First of all, Matt and I are going to climb back on the podcast wagon this week, so you can expect the Usual Pod on Monday. Why the long pause, when we said we’d “try” to podcast here and there? Well, it’s our one time a year to rethink our lives from all possible logistical angles and make whatever adjustments need to be made. This time it has been an exercise (that’s a little joke) in taking all the rocks and sand out of the jar of daily life and then putting the big ones in first, instead of trying to cram them in last. Like, if you think you’re going to pray, for example, you can’t do it after you’ve done all the laundry and all the shopping. You have to figure out how to fit laundry and shopping around the prior claim of prayer. Prayer isn’t actually my problem, though. I can do that with my eyes shut. Rather, for the last 46 years, since a babe, I’ve been trying not to consider the miserable propositions of exercise and a healthy diet. In the midst of this, year six of my mid-life crisis, in a fit of differently different creativity, I’m doing it now. My goal is to be able to exercise the apportioned number of days without—and this is the kicker—making an emotionally laden decision to do it. That, I believe, or at least I’ve observed online, is the indicator of the satisfactory formation of a habit. If you can do it without having to decide to do it, you are in the habit of doing it. Or something like that. I’m well on my way there, so that’s pretty great.
Emotions are funny things, as you may have noticed. As some clever philosopher pointed out one time (or maybe they all have observed this phenomenon) how you feel at any given moment can either rule you, or you can rule over your feelings. They can either be the total sum of your personhood, or they can be mere and malleable indicators of how you’re doing as you lug yourself to church and the gym.
Which brings me to my second point, which is that the world is literally and figuratively on fire, and I feel really sad about it. Check out this Twitter, or X, or whatever thread. And the article linked. If you can stomach it, you might try to listen to a bit of the audio, but it goes on for a while and is the usual illustration of how awful things have become and why the end—not of the world, probably, but our current society—must be nigh. Here is how the article explained what happened:
An elementary school teacher in Windsor, Ontario was caught on tape berating Muslim students for skipping the school’s LGBTQ pride day, telling them their abstention was “disgusting” and “an incredible show of hatred” that made her not want to be their educator. The Northwood Public School teacher’s long tirade came amid reports of a very high absence rate at the school on its pride day. According to Life Site News, approximately 600 out of the school’s 800 students stayed home – a 75% absentee rate. True North exclusively obtained a recording of the incident, which took place in June. This is not the first instance of a teacher lashing out at Muslim students for not participating in LGBTQ pride activities. An Edmonton teacher came under fire after being recorded making similar remarks.

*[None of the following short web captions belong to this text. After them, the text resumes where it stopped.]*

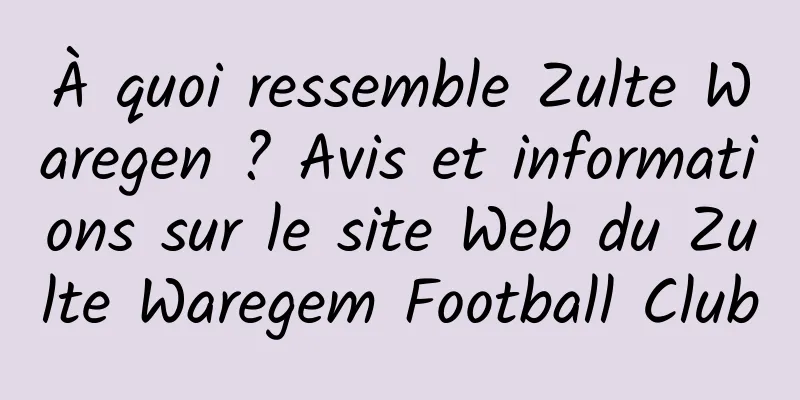 À quoi ressemble Zulte Waregen ? Avis et informations sur le site Web du Zulte Waregem Football Club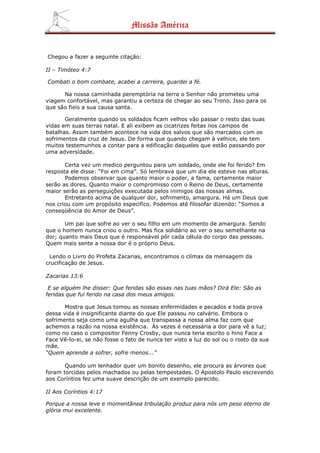 Missão América


Chegou a fazer a seguinte citação:

II – Timóteo 4:7

Combati o bom combate, acabei a carreira, guardei a fé.

      Na nossa caminhada peremptória na terra o Senhor não prometeu uma
viagem confortável, mas garantiu a certeza de chegar ao seu Trono. Isso para os
que são fieis a sua causa santa.

       Geralmente quando os soldados ficam velhos vão passar o resto das suas
vidas em suas terras natal. E ali exibem as cicatrizes feitas nos campos de
batalhas. Assim também acontece na vida dos salvos que são marcados com os
sofrimentos da cruz de Jesus. De forma que quando chegam à velhice, ele tem
muitos testemunhos a contar para a edificação daqueles que estão passando por
uma adversidade.

       Certa vez um medico perguntou para um soldado, onde ele foi ferido? Em
resposta ele disse: “Foi em cima”. Só lembrava que um dia ele esteve nas alturas.
       Podemos observar que quanto maior o poder, a fama, certamente maior
serão as dores. Quanto maior o compromisso com o Reino de Deus, certamente
maior serão as perseguições executada pelos inimigos das nossas almas.
       Entretanto acima de qualquer dor, sofrimento, amargura. Há um Deus que
nos criou com um propósito especifico. Podemos até filosofar dizendo: “Somos a
conseqüência do Amor de Deus”.

       Um pai que sofre ao ver o seu filho em um momento de amargura. Sendo
que o homem nunca criou o outro. Mas fica solidário ao ver o seu semelhante na
dor; quanto mais Deus que é responsável pôr cada célula do corpo das pessoas.
Quem mais sente a nossa dor é o próprio Deus.

 Lendo o Livro do Profeta Zacarias, encontramos o clímax da mensagem da
crucificação de Jesus.

Zacarias 13:6

 E se alguém lhe disser: Que feridas são essas nas tuas mãos? Dirá Ele: São as
feridas que fui ferido na casa dos meus amigos.

       Mostra que Jesus tomou as nossas enfermidades e pecados e toda prova
dessa vida é insignificante diante do que Ele passou no calvário. Embora o
sofrimento seja como uma agulha que transpassa a nossa alma faz com que
achemos a razão na nossa existência. Às vezes é necessária a dor para vê a luz;
como no caso o compositor Fenny Crosby, que nunca teria escrito o hino Face a
Face Vê-lo-ei, se não fosse o fato de nunca ter visto a luz do sol ou o rosto da sua
mãe.
“Quem aprende a sofrer, sofre menos...”

       Quando um lenhador quer um bonito desenho, ele procura as árvores que
foram torcidas pelos machados ou pelas tempestades. O Apostolo Paulo escrevendo
aos Coríntios fez uma suave descrição de um exemplo parecido.

II Aos Coríntios 4:17

Porque a nossa leve e momentânea tribulação produz para nós um peso eterno de
glória mui excelente.
 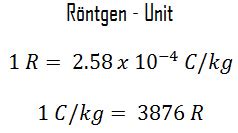 What is Roentgen - Unit of Exposure - Definition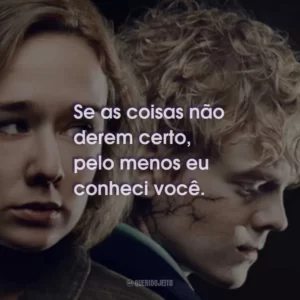 Se as coisas não derem certo, pelo menos eu conheci você.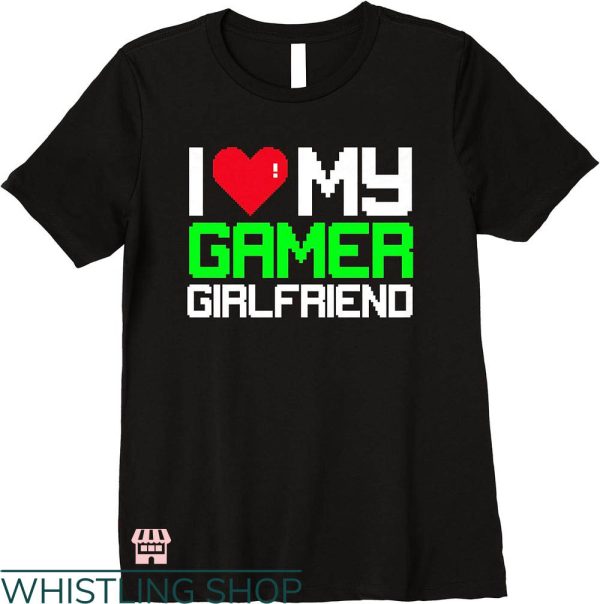 I Heart My Gf T-shirt I Love My Gamer Girlfriend T-shirt
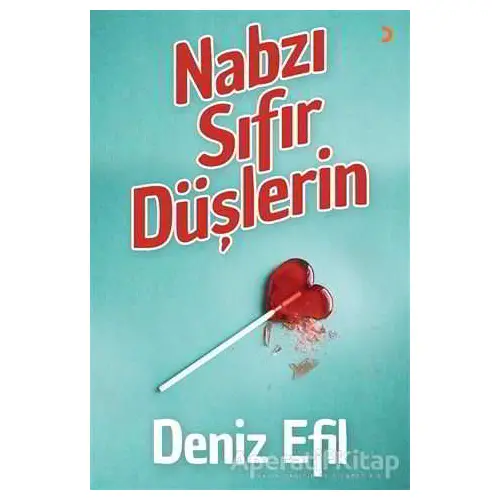 Nabzı Sıfır Düşlerin - Deniz Efil - Cinius Yayınları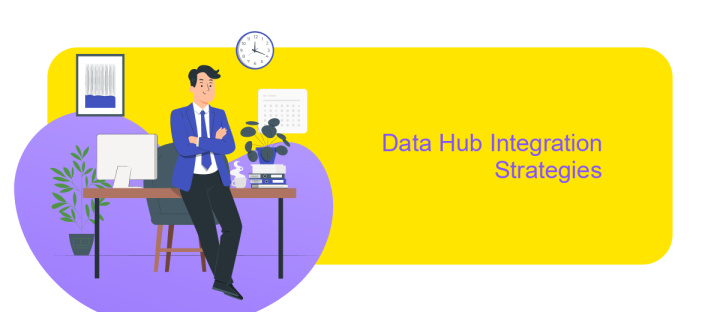 Data Hub Integration Strategies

Six Hundred students stayed home. Wow. That’s amazing. That sure is some cultural cohesion. Can you imagine? I’m trying to imagine and I can’t really. If you go listen to the audio, you’ll hear that the teacher is veritably unglued. It hadn’t dawned on her that there might be another way of being, or thinking, or feeling. Here are some of the appalling things she says to the students:
“We as a staff here at Northwood were incredibly hurt by the statement you made yesterday,” the female teacher told her class. True North has decided not to name her in this story. “You need to understand how hurt and disappointed we are in those actions, and take that home to your parents because they are the ones that made you stay home. It was an incredible show of hatred, and it is sad. It was hatred toward a community of people, and it was incredibly disgusting to have witnessed.” “I do not want to be a part of this school, I am so disgusted by what happened yesterday.” In the recording, we hear students gasp in shock at the teacher’s remarks. Several of them also challenged the teacher’s claims. One student said, “ We weren’t trying to disrespect you.” The teacher responded, “You might believe that, but what came across was an incredible amount of disrespect, ok? That may have not been your intention, but that’s what it was.”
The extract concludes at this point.